1959: A Novel
Author: Thulani Davis
Publisher: Grove Press (1992)
The year Willie Tarrant turned twelve was the year Billie Holiday died, Mickey and Sylvia were singing “Love is Strange” on the radio, and Willie had her first date. Her father and the other adults in town were worried about integration, but for Willie, that was just another problem she wouldn’t have a choice about facing, like pulling weeds or what to do about boys.
Some of the parents were afraid of what might happen when their children were sent to school with the rednecks in town, and some were concerned that the quality of the school wasn’t as high, but before long it was too late to worry.
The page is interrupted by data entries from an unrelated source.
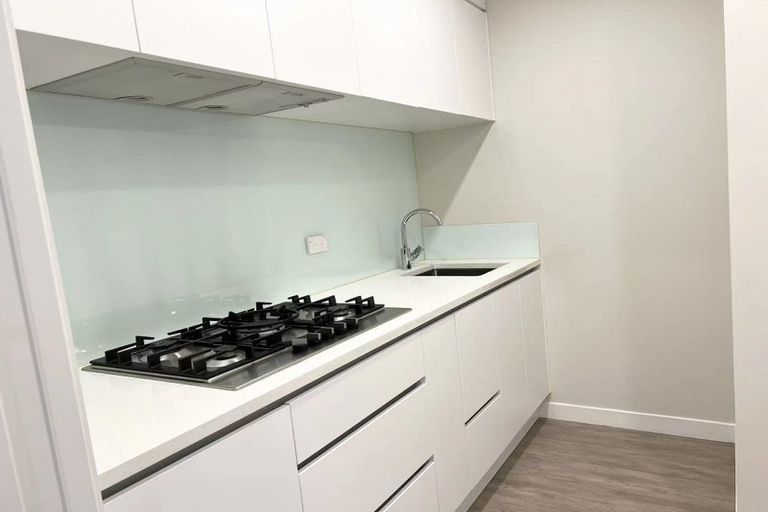 Photo of property in 22a Dallinghoe Crescent, Milford, Auckland, 0620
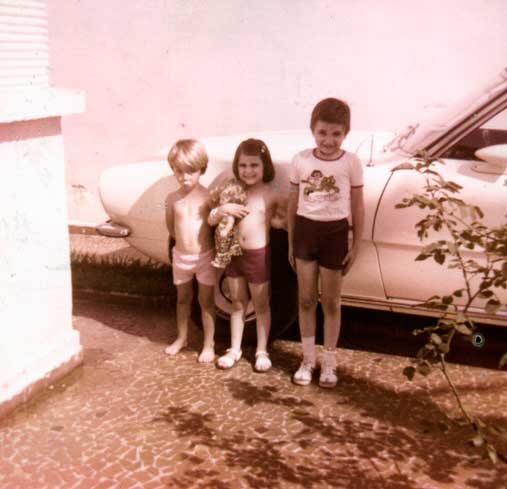 Ricardo com os primos Yara e Anderson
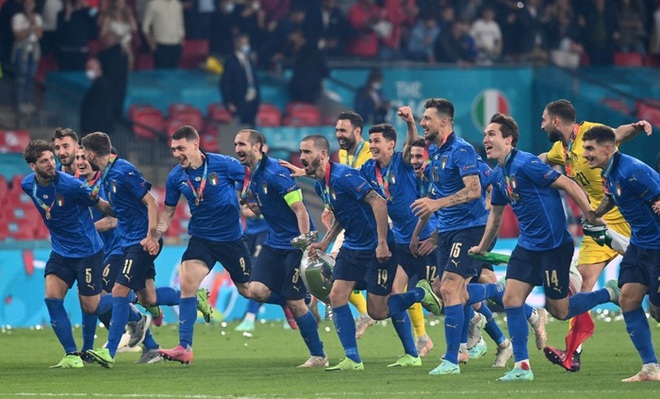 Ảnh: Italy nâng cao chiếc cúp vô địch Euro sau 53 năm chờ đợi - Ảnh 17.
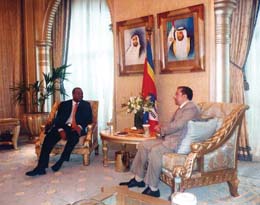 ملك سوازيلاند يلتقي مجموعة بلاك بيرل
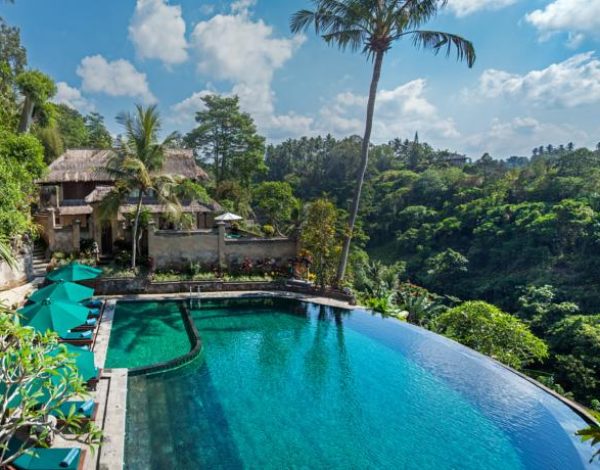 Discover The 5 Revealed Secrets of Saving Cost Stay In A Luxurious Villa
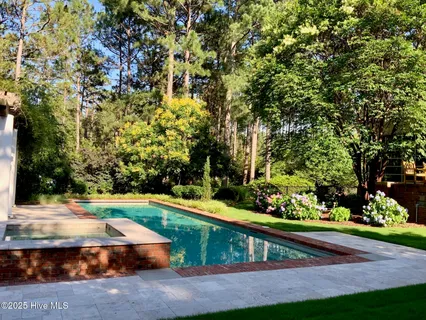 $1,880,000 | 50 Cherry Hill Drive, Pinehurst, NC 28374
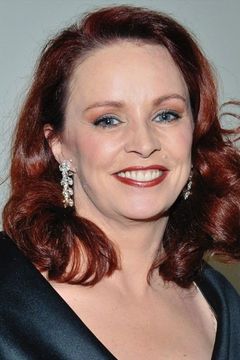 Sheena Easton interpreta Herself - Singer in Title Sequence (uncredited)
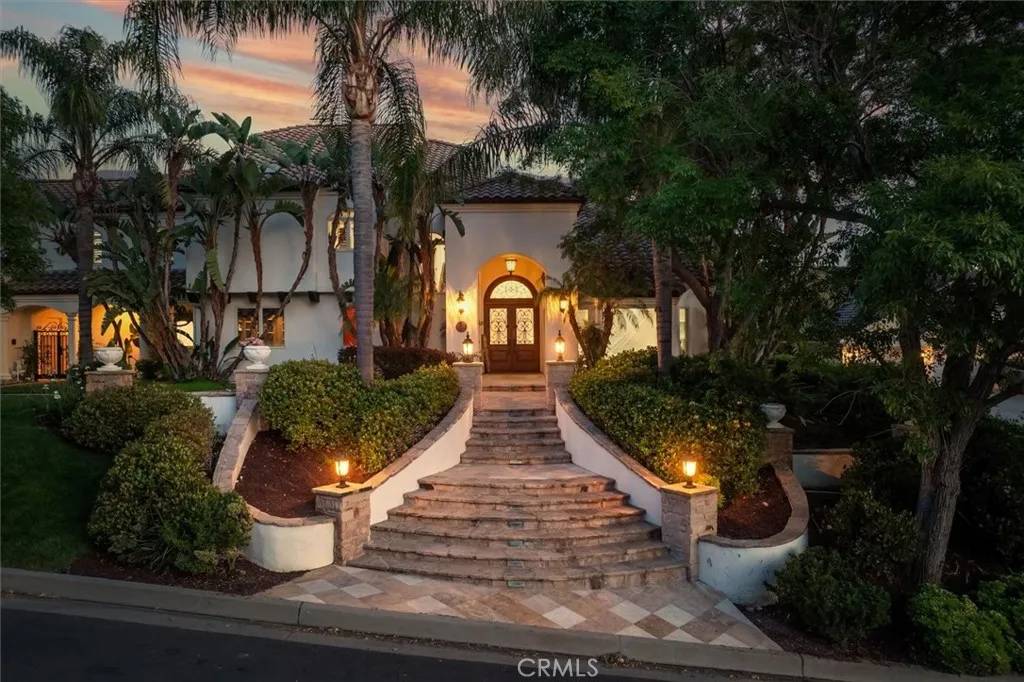 25132 Barnhill Road, Saugus, CA 91350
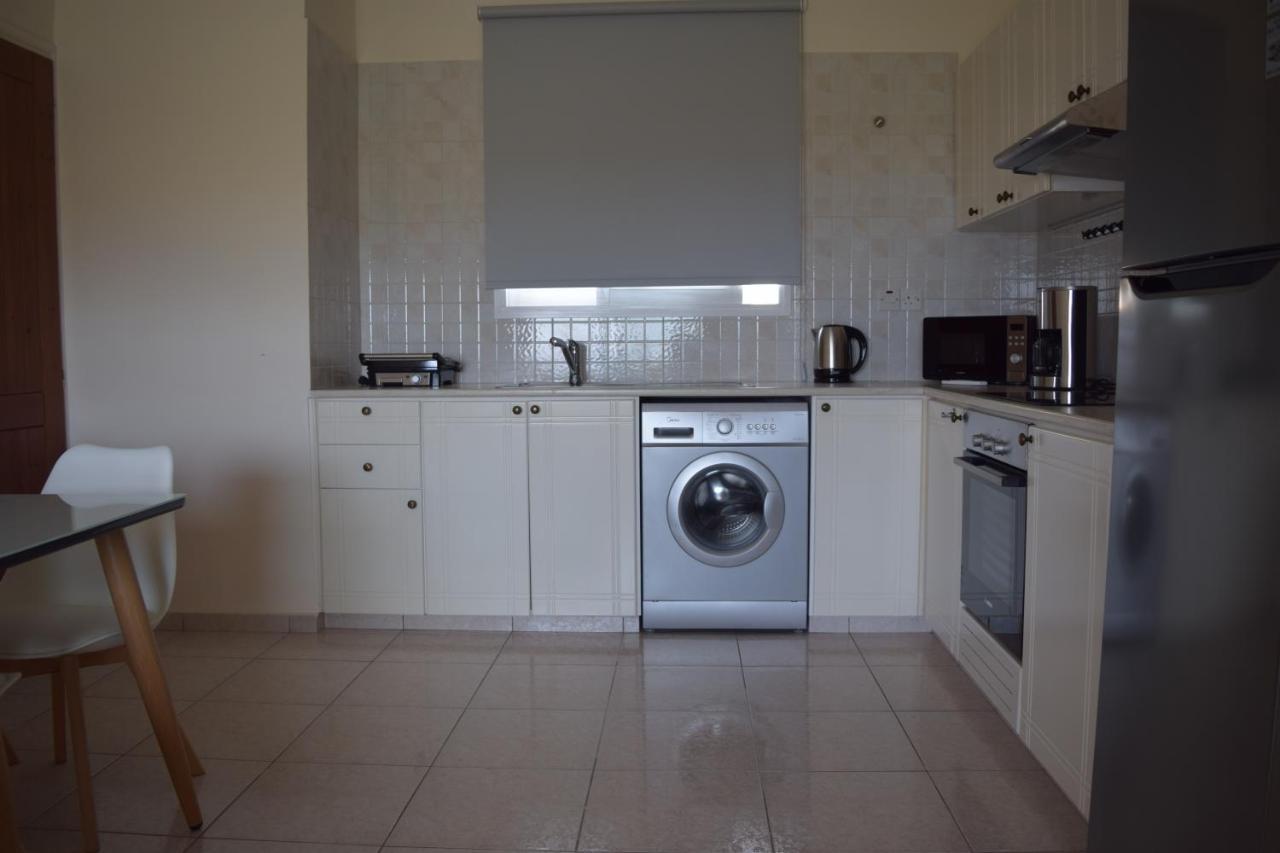 Eden Heights Sea View Apartment 203 - By Imh Travel & Tours Paphos 外观 照片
During the winter, eight black college students, wearing suits and ties and fresh haircuts, went into the local Woolworth’s and sat down at the lunch counter, and nothing was the same again anyway.
That was the year integration shook the little town of Turner, Virginia, like an earth tremor. As it shook harder and harder, the old ways began to crumble, and Willie’s world, her family, her own quiet and serious father were so changed that she couldn’t always recognize them. And in the newly exposed cracks in that old world, Willie discovered a world she never knew existed.
Thulani Davis’s 1959 is a rare combination of power and poignance, recalling Carson McCullers as strongly as it does James Baldwin. In its honesty and its deep generosity of spirit, 1959 brings to live a pivotal moment in American history, with all its violence, surprise, and glorious hope.